§ THE TASK: Set down every line of the data exactly, skipping the pictures.

§ DATA SHOWN:

================================

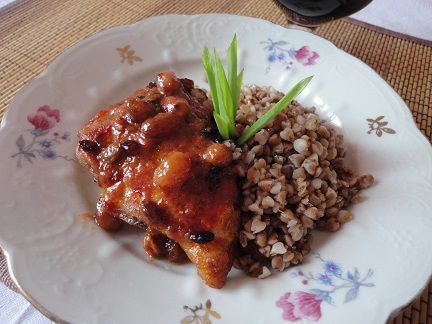 Куриные грудки с изюмом и барбарисом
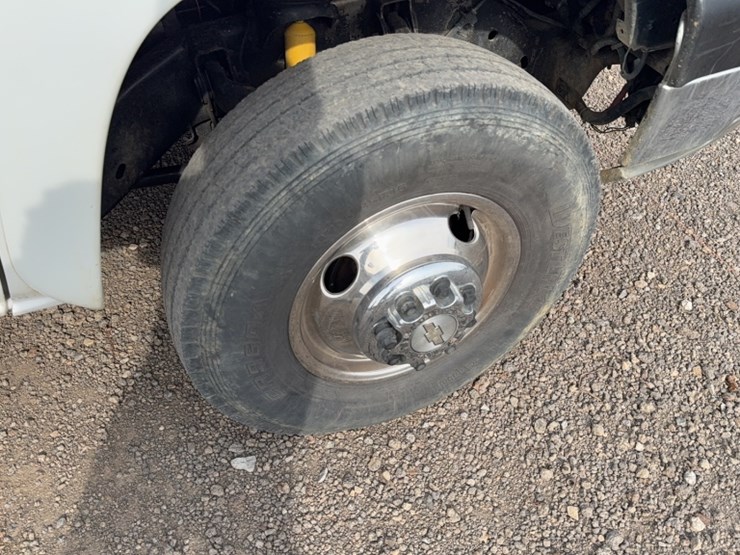 2003-chevrolet-3500-image-5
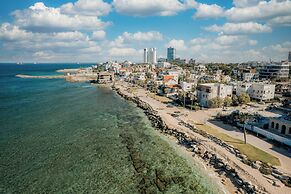 Pool & Jacuzzi Penthouse by Sea N' Rent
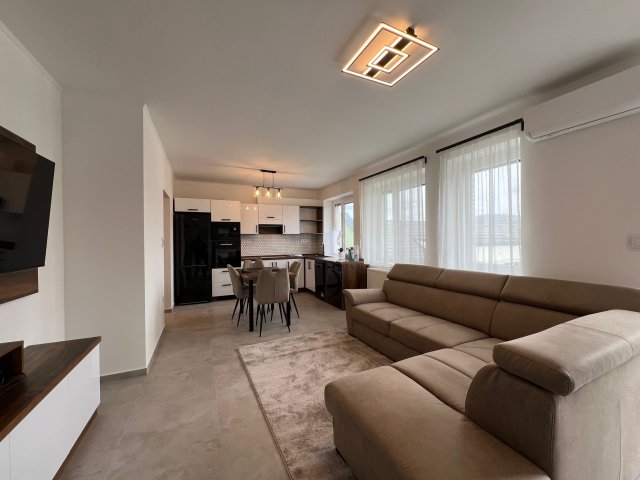 Kiadó téglalakás, albérlet, Egerben 250 E Ft / hó, 2 szobás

================================

§ ANSWER SECTION:
 Куриные грудки с изюмом и барбарисом
 2003-chevrolet-3500-image-5
 Pool & Jacuzzi Penthouse by Sea N' Rent
 Kiadó téglalakás, albérlet, Egerben 250 E Ft / hó, 2 szobás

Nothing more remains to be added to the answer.